A cosa si riferisce? Ce lo può raccontare?
"Un giorno, a pranzo, mentre la nostra famiglia era riunita, ebbe una sorta di premonizione. Di punto in bianco mi chiese: ‘Se dovessi morire, devo lasciare un testamento?’. Fu una domanda che mi lasciò di stucco e che, dopo quanto avvenuto, mi rimbalza di continuo nella mente".
A dicembre si è concluso il processo, con i due imputati che sono stati assolti. Lei che ne pensa?
"Dopo anni di battaglia, credo che alla fine la cosa più importante fosse chiudere una volta per tutte il discorso.
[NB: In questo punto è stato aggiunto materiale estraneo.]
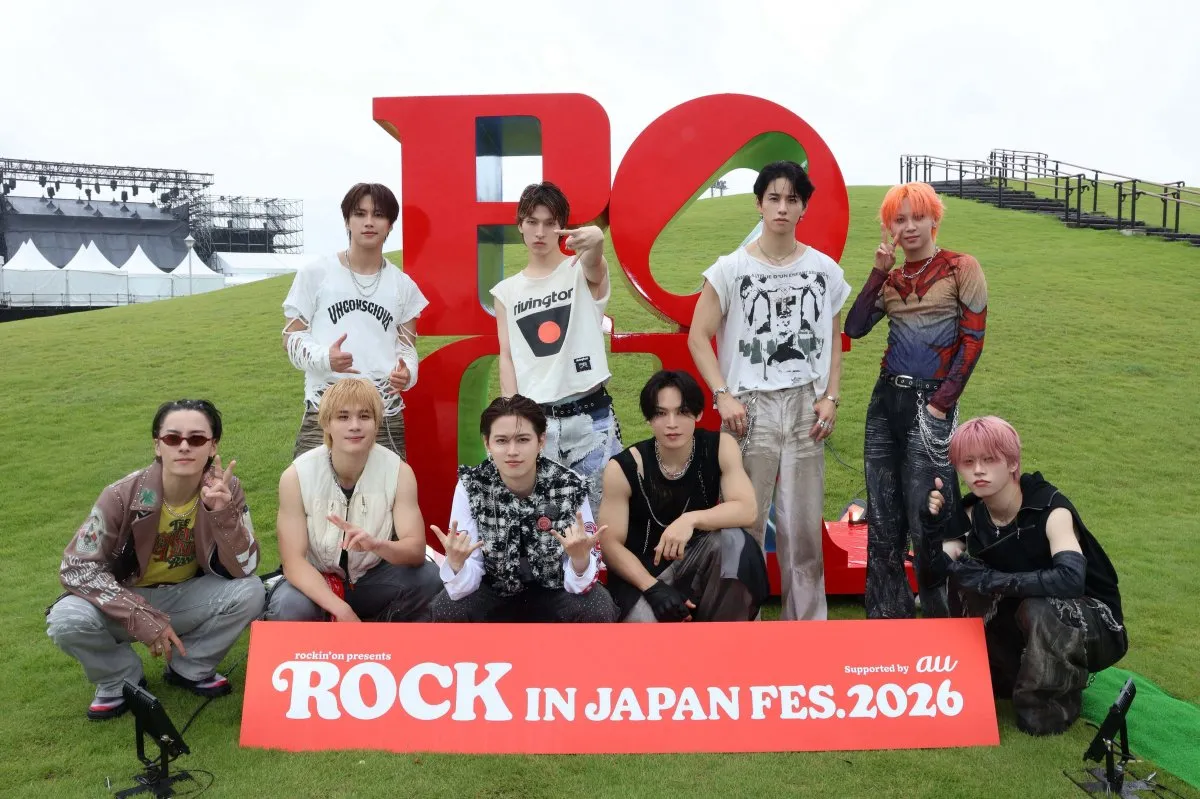 JO1、2年ぶり“ロッキン”カムバック　アニメ『東リベ』OP主題歌を特攻服で披露「日和ってるやついる？」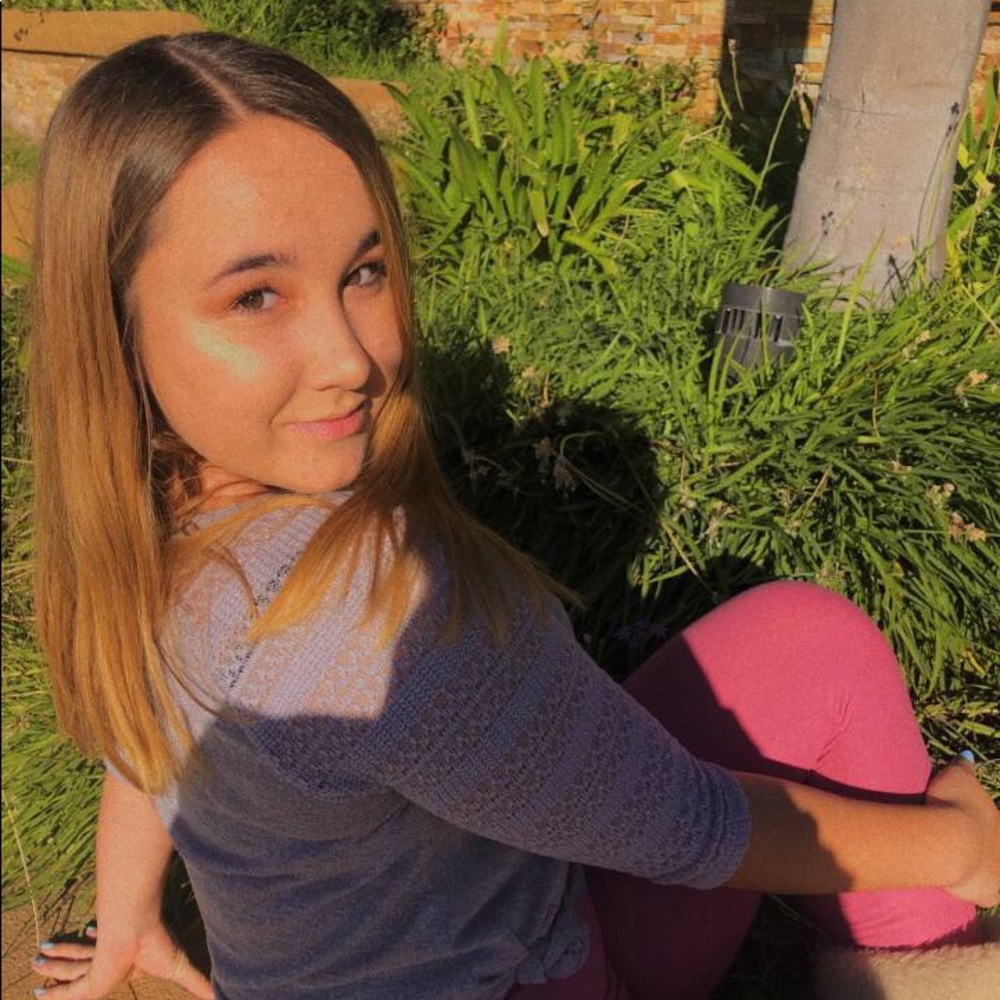 Meet me and my doggy 😊💕🌹 - Picture 7 of 7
Accettiamo la verità processuale e guardiamo avanti, nella consapevolezza che finalmente i nostri ragazzi possono riposare in pace, tranquillamente. Tanto niente e nessuno ce li riporterebbe indietro".
Che effetto le fa pensare che siano già trascorsi dieci anni?
"Il dolore è sempre lo stesso. Sembra che la tragedia sia avvenuta ieri. Tengo, però, a ringraziare tutti coloro che hanno partecipato alla commemorazione e tutta la comunità ascolana che ci è sempre stata vicina. Abbiamo perso dei figli, ma è come se ne avessimo acquisiti altri".
In che senso?
"Lunedì, alla cerimonia, si è presentato davanti a me un ragazzo de L’Aquila, che in quei giorni si prodigò come volontario nella ricerca dei dispersi. Ebbene, mi ha detto di sentirsi parte della mia famiglia e che ogni anno sarà lì, a ricordare i nostri ragazzi. Grazie. Grazie davvero. A tutti".